Max thought, smiling to himself, that the only possible word for the nunnery was “impregnable.”

He had consulted a drawing and photographs on the Internet before setting out and knew the steepest wall comprised one side of the infirmary. The buildings where the nuns slept, ate, and worked surrounded the eastern and southern sides of the cloister garth. To the west, set slightly apart, was the guesthouse.

Animals, specks of white and brown, could be seen grazing on fields surrounding the complex. The place looked utterly self-contained—mysterious, forbidding, and inexpressibly beautiful.

And despite its splendor, Max did not want to be there. He did not want to be anywhere Awena was not.

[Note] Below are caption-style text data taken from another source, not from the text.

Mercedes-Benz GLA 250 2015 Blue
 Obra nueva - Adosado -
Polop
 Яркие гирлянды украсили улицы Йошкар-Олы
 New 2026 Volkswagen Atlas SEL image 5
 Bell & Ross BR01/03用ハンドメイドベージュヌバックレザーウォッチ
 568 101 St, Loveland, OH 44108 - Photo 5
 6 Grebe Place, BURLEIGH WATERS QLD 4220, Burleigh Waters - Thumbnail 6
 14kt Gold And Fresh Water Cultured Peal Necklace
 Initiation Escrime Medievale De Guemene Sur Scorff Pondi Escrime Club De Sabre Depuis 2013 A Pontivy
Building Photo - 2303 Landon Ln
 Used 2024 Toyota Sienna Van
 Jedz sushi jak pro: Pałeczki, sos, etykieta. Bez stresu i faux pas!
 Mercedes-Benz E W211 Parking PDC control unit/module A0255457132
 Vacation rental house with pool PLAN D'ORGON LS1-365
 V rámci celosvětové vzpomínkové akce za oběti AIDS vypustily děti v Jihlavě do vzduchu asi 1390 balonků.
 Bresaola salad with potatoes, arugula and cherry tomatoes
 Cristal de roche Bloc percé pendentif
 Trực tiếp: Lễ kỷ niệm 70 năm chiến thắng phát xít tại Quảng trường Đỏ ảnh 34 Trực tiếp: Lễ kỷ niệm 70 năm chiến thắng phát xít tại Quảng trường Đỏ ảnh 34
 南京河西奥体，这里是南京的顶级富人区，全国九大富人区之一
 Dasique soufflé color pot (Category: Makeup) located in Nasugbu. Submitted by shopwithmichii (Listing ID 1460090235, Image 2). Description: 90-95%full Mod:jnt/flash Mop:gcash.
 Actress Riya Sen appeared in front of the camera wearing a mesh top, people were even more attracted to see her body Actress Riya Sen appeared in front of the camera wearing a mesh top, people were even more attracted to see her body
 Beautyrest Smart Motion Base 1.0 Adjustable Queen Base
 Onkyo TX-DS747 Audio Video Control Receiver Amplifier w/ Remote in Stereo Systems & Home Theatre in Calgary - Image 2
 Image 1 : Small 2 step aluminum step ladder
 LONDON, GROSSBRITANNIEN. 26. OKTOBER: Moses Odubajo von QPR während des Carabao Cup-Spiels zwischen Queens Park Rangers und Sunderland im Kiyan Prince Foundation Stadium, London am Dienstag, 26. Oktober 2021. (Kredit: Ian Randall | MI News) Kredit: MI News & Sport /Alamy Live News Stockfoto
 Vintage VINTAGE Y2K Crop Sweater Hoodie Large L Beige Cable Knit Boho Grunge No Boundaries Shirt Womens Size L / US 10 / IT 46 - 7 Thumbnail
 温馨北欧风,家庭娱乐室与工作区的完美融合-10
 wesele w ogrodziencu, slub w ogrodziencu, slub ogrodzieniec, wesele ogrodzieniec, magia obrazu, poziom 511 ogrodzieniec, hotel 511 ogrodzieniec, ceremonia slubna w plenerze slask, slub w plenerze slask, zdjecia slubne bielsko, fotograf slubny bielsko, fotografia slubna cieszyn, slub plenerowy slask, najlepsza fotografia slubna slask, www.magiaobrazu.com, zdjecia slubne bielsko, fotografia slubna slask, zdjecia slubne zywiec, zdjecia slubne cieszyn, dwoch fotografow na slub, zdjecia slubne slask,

He put the Land Rover into gear and set off up the hill.

*   *   *

His phone conversation of the previous night with DCI Cotton had lasted half an hour. The DCI had confirmed the lab results were back on the fruitcake retrieved from the country home of Lord and Lady Lislelivet. The cake had definitely been tampered with.

“But whether deliberately or accidentally, of course they can't say,” Cotton told him. “To some people—me, for example—good-for-you berries look exactly the same as bad-for-you berries. That's why I avoid the great outdoors at all costs. As far as I'm concerned they invented the supermarket to keep me out of forest glens. But the experts suggest it may not have been an attempt to kill outright, but to make someone decidedly uncomfortable. Who, after all, in their right mind would eat more than a few bites of fruitcake?”

“It was something in the nature of a cruel prank, you mean. But why would anyone go to the trouble?” Max wondered.

“It's an unorthodox situation, to say the least—if you will pardon the expression. When all this first came up, the Bishop of Monkslip himself called the station, asking to speak with me. Once the switchboard determined it was not a hoax they put him through to my flat, where I sat blamelessly watching a
Downton Abbey
rerun. The bishop is desperate to have us approach the matter with all diplomatic caution. I gather he has already asked you to look into a few things at the abbey. I've had a brief look-see myself but I didn't have a lot of time to devote to it.”

“Yes, he asked me to take a look around,” said Max. “He said that beside the berry incident, there might be some financial irregularities. Perhaps he was hoping against hope the berries would prove to be harmless—the lesser of two evils. It is not impossible that Lord Lislelivet would raise a big stink over a minor matter for publicity purposes.”

“Ah, you know him.”

“I know enough of him,” Max replied. “So. Whether we are talking of a prank or attempted murder, this ninny apparently has taken himself off to the abbey to be right in the thick of things.”